What this task involves: The lines to copy run from the one containing "Fototapeta premium Fish" to the last line of the entries; output those lines exactly and only them, without pictures.

Source data:
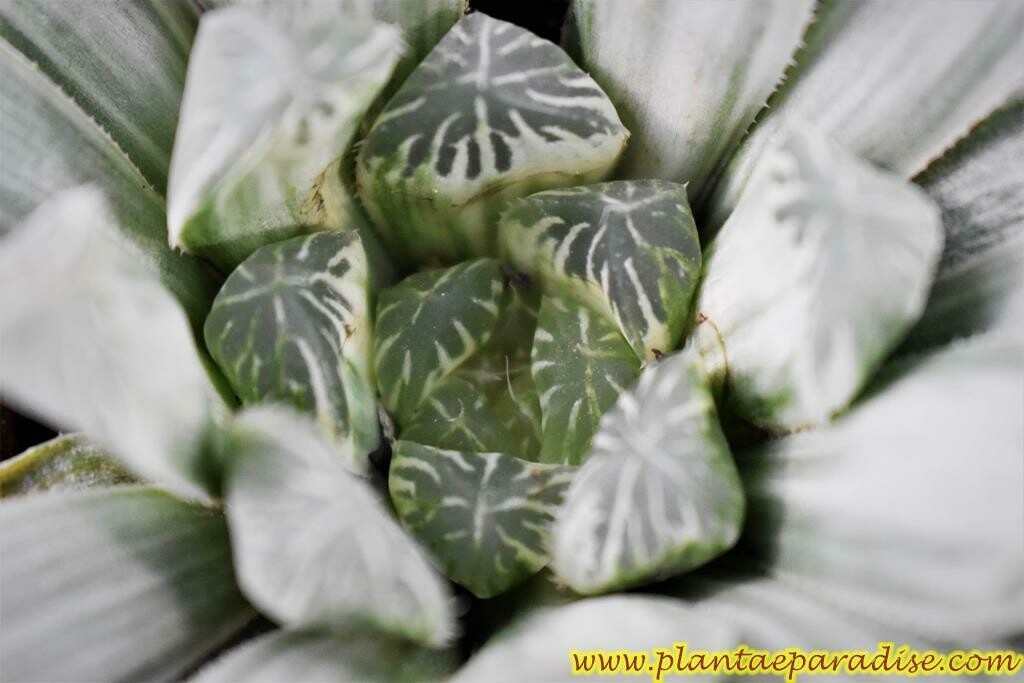 Haworthia cooperi var. pilifera 'Silver Swirl' DISPLAY PIC OF SPECIMEN PLANT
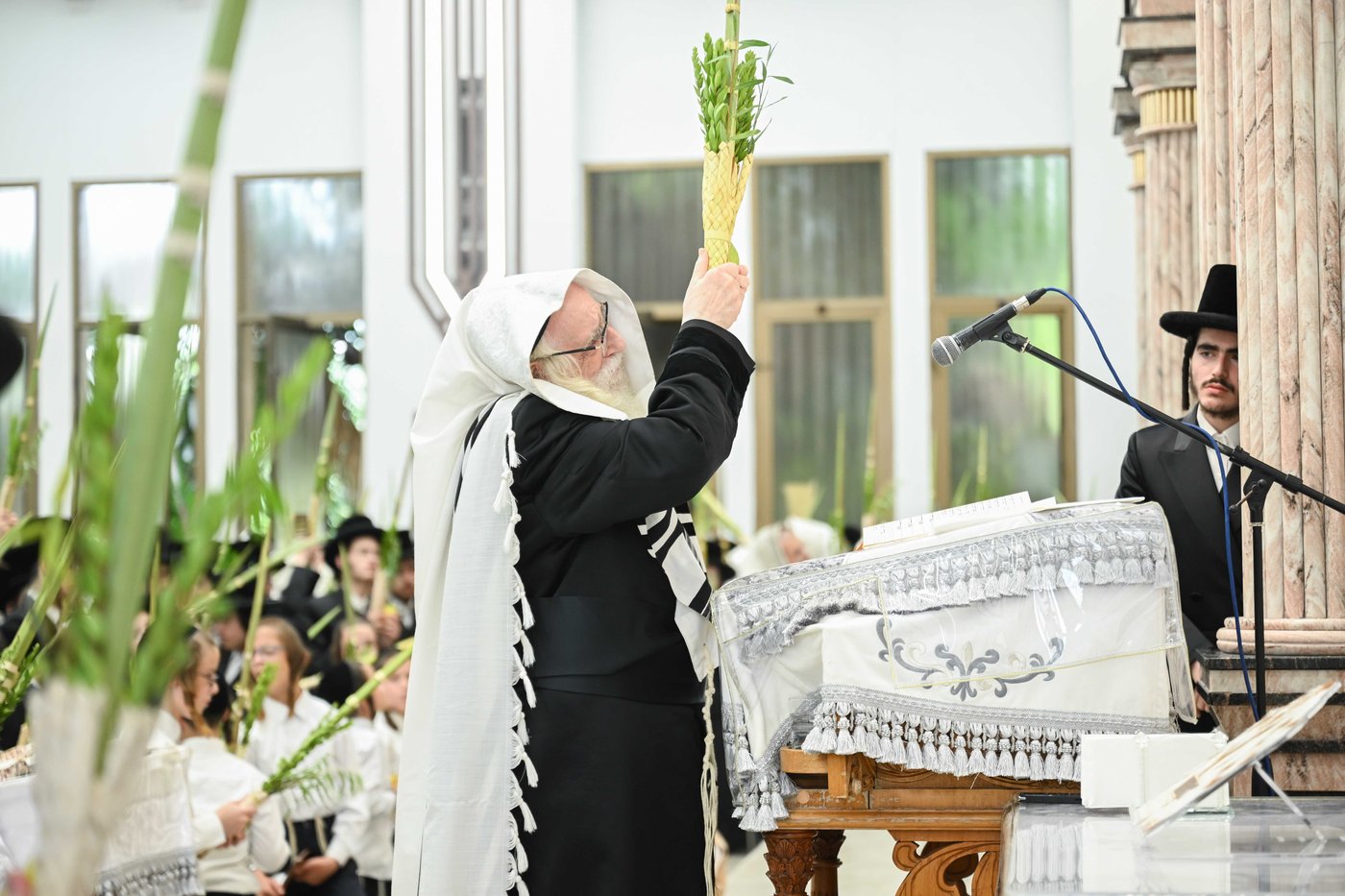 האדמו"ר מצאנז שליט"א בעבודת הנענועים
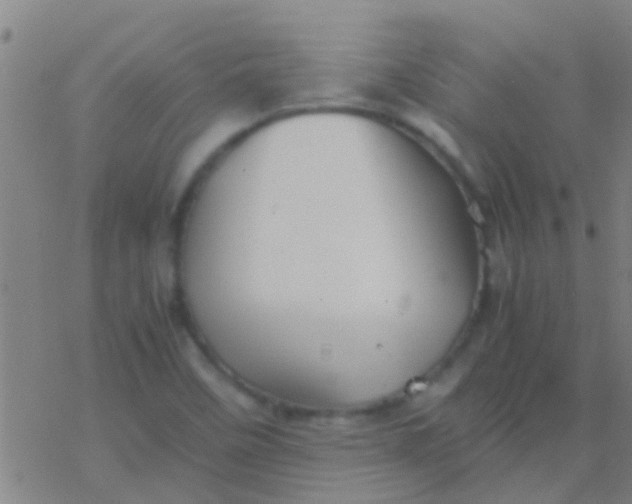 X0000077361458200611101627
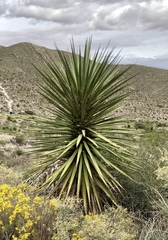 Yucca faxoniana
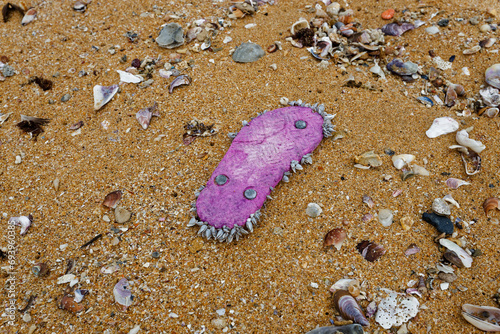 Pink sandal that is encrusted with seashells on the beaches of Witsand, Western Cape, South Africa. photo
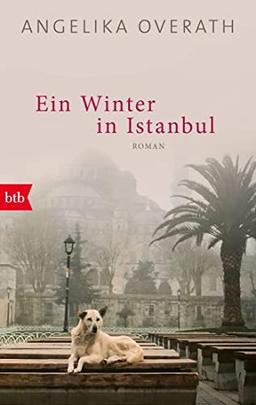 Ein Winter in Istanbul: Roman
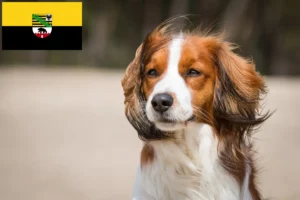 Mehr über den Artikel erfahren Nederlandse Kooikerhondje Züchter und Welpen in Sachsen-Anhalt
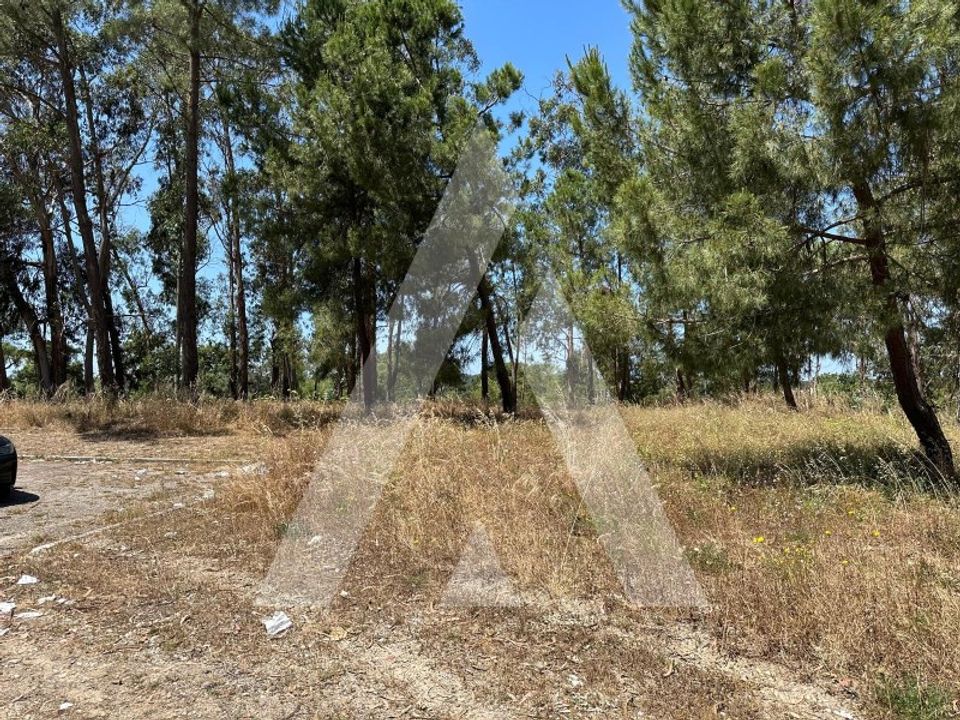 Helårsgrund i Brejos de Azeitao, Setubal - foto 2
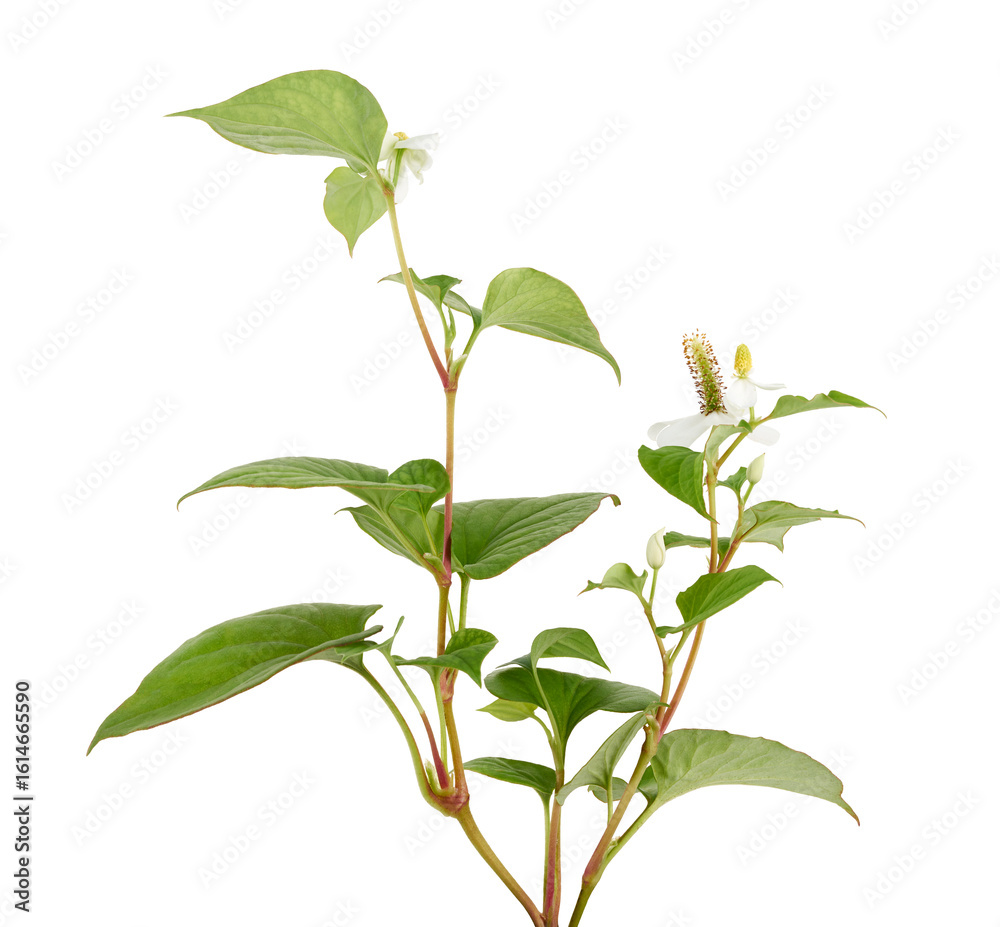 Fototapeta premium Fish mint, Fish leaf with flower isolated on white background, with clipping path 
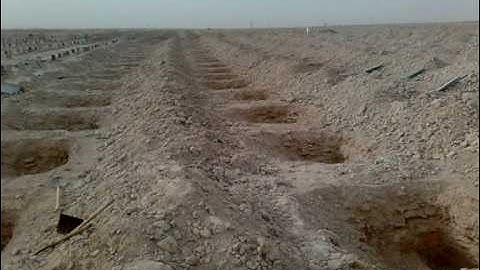 سورة التكاثر بصوت ناصر القطامي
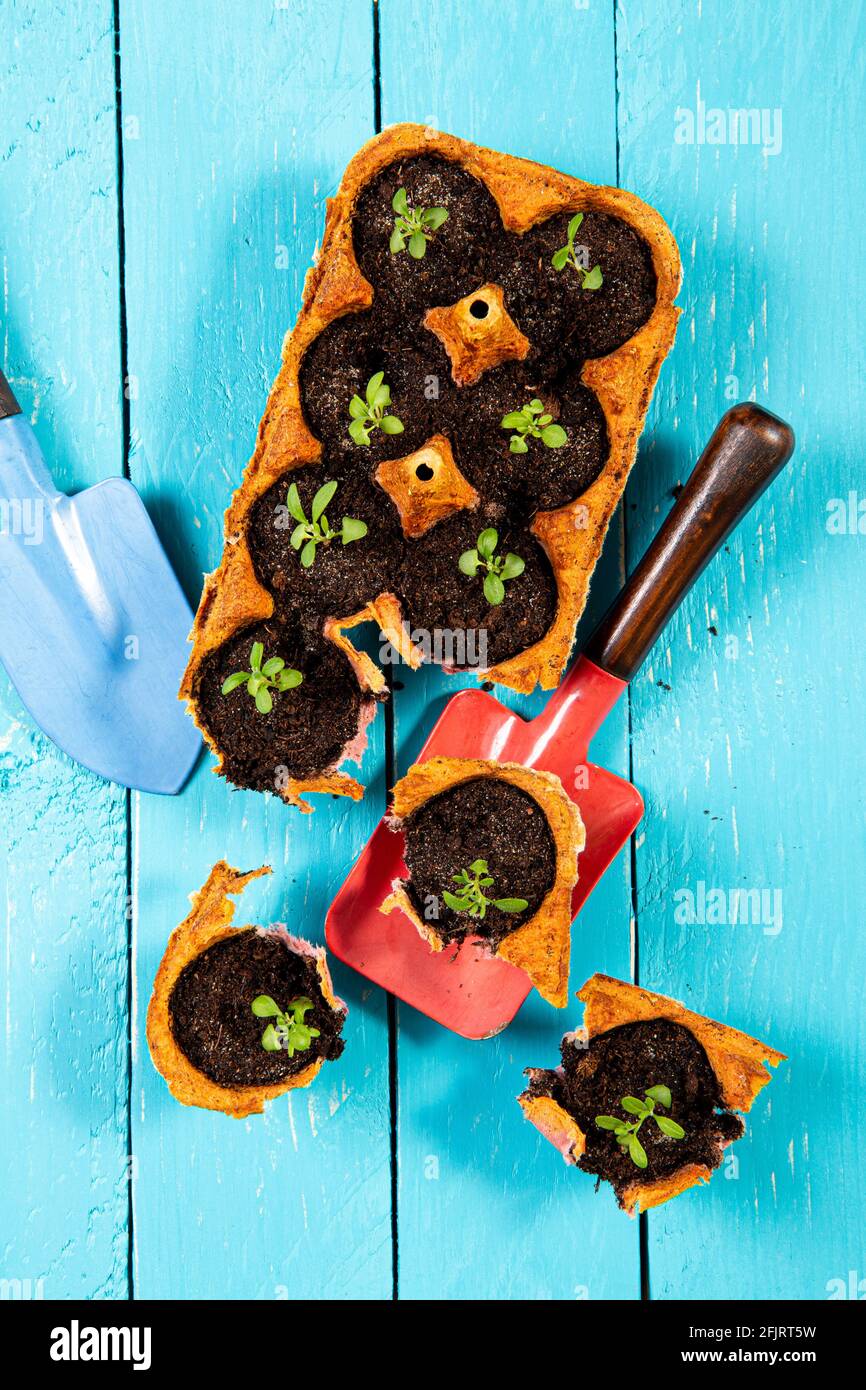 Small starter plats growing in yellow carton chicken egg box in black soil. Break off the biodegradable cup and plant in soil outdoors. Zero waste. Stock Photo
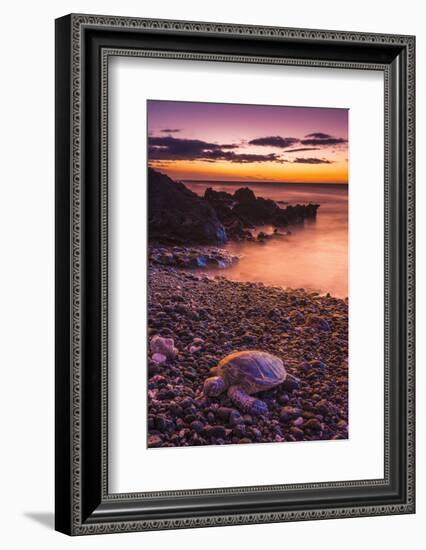 Hawaiian Green Sea Turtle on a Lava Beach at Sunset, Kohala Coast, the Big Island, Hawaii-Russ Bishop-Framed Photographic Print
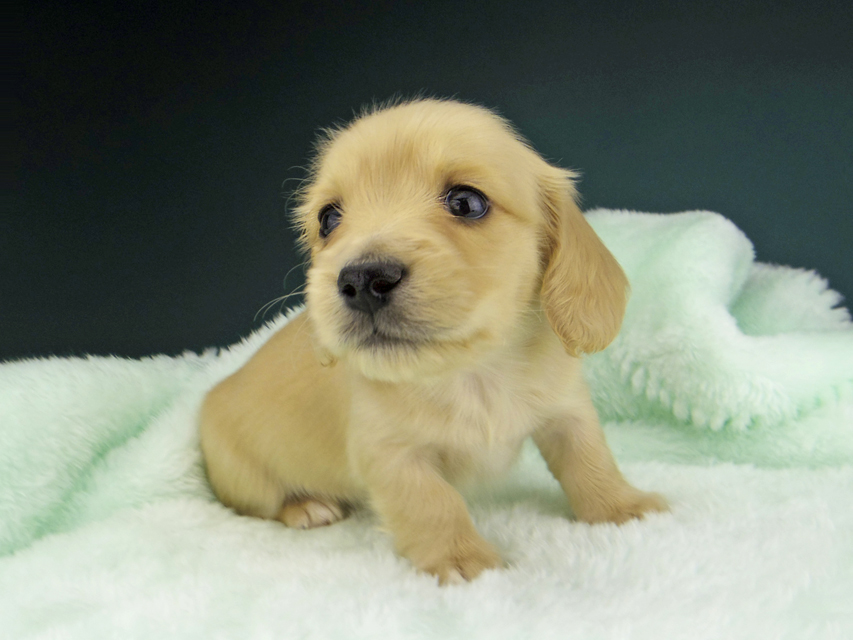 カニンヘン ダックスフンド ティナ & 竹千代の子犬 イエロー（クリーム） 女の子 ハイクラス
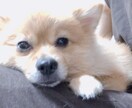 ペットのお悩みペット業界のお悩み解決します ペットちゃんのお悩みペット業界の方々のご相談ください！ イメージ3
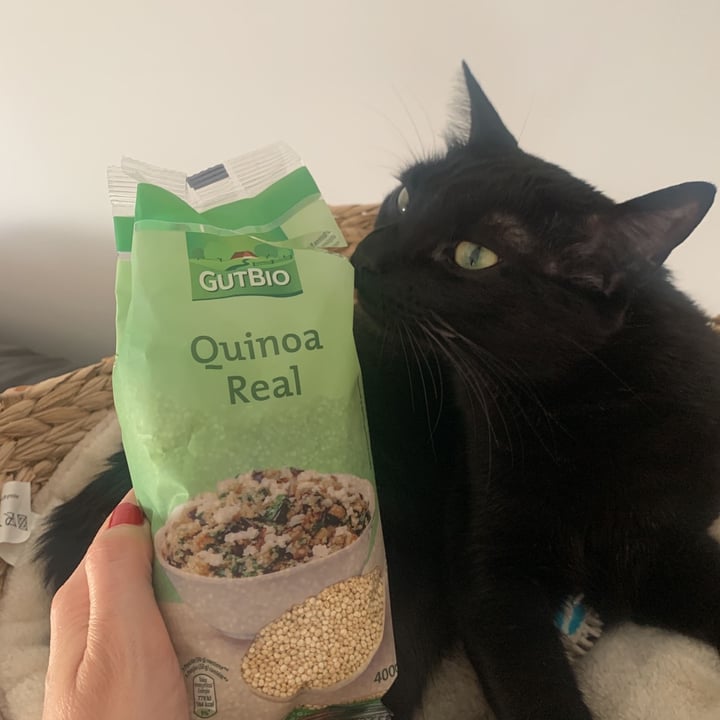 photo of GutBio Quinoa real shared by @evix on  04 Jun 2021 - review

Answer below:
 Fototapeta premium Fish mint, Fish leaf with flower isolated on white background, with clipping path 
 سورة التكاثر بصوت ناصر القطامي
 Small starter plats growing in yellow carton chicken egg box in black soil. Break off the biodegradable cup and plant in soil outdoors. Zero waste. Stock Photo
 Hawaiian Green Sea Turtle on a Lava Beach at Sunset, Kohala Coast, the Big Island, Hawaii-Russ Bishop-Framed Photographic Print
 カニンヘン ダックスフンド ティナ & 竹千代の子犬 イエロー（クリーム） 女の子 ハイクラス
 ペットのお悩みペット業界のお悩み解決します ペットちゃんのお悩みペット業界の方々のご相談ください！ イメージ3
 photo of GutBio Quinoa real shared by @evix on  04 Jun 2021 - review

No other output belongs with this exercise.